Sceptre (an imprint of Hodder & Stoughton)
2021-02-04
320 pages
Hardcover ISBN: 9781529342864
eBook ISBN: 9781529342888

Nadia Owusu

I have lived in disaster and disaster has lived in me. Our shared languages are thunder and reverberation.

When Nadia Owusu was two years old her mother abandoned her and her baby sister and fled from Tanzania back to the US. When she was thirteen her beloved Ghanaian father died of cancer. She and her sister were left alone, with a stepmother they didn’t like, adrift.

Nadia Owusu is a woman of many languages, homelands and identities. She grew up in Rome, Dar-es-Salaam, Addis Ababa, Kumasi, Kampala and London.
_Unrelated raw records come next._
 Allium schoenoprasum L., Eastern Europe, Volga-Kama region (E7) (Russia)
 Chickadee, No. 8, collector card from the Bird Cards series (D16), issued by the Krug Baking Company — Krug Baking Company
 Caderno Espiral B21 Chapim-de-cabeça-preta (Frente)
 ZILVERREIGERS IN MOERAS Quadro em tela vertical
And for every new place there was a new language, a new identity and a new home. At times she has felt stateless, motherless and identity-less. At others, she has had multiple identities at war within her. It’s no wonder she started to feel fault lines in her sense of self. It’s no wonder that those fault lines eventually ruptured.

Aftershocks is the account of how she hauled herself out of the wreckage. It is the intimate story behind the news of immigration and division dominating contemporary politics. Nadia Owusu’s astonishingly moving and incredibly timely memoir is a nuanced portrait of globalisation from the inside in a fractured world in crisis.